What we do not learn in this issue is that the missing members of the JSA have been transported into a pocket dimension known as “Limbo”. This is revealed in a one-shot titled “The Last Days of the Justice Society of America”.
Hawkman #42 (September 2005) NM
This issue is from the fourth Hawkman series which ran from May 2002 until April 2006. There were a total of 49 issues and starting with a 50th issue the series was renamed “Hawkgirl“. It seems that they may have gotten a little ahead of themselves with this issue being retitled “Hawkgirl” on-the-fly.
The story begins with a severely injured Hawkgirl hospitalized and in critical condition. In the previous issue, she was attacked by a heavily drugged Hawkman who was having hallucinations that Hawkgirl was the supervillain known as Lionmane.
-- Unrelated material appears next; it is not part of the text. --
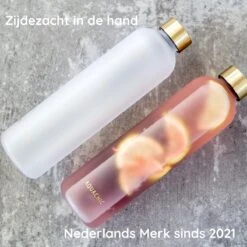 Aquachic - 1L Waterfles Met 2 Doppen En Tijdsmarkeringen - Lekvrij & Licht - Duurzaam - Nederlands Merk - Drink Fles / Bidon- Wit 1 Liter -Drinken Goedkope Winkel 1200x1200 563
Into this scene, enters a freakish looking, green-skinned, monster named the Pilgrim. This creature, literally from the grave, is seeking revenge against a distant ancestor of Hawkgirl and her uncle Speed Saunders. While Kendra is under sedation, her psyche is suddenly flooded by a host of memories from Shiera’s past lives. Suddenly there is an explosion, a hole is blown in the outer wall and Kendra is awoken from her coma. At one point, Hawkgirl retrieves a mysterious and powerful artifact known as the “Claw of Horus”. She then proceeds to beat the holy crap out of the Pilgrim.
For the first time, Kendra has experienced memories that belong to the past lives of her aunt Shiera. As established in previous issues of the Justice Society of America, Kendra has been a host of Shiera’s soul and now she is going through some sort of assimilation that will eventually result in Kendra becoming a reincarnation of Shiera.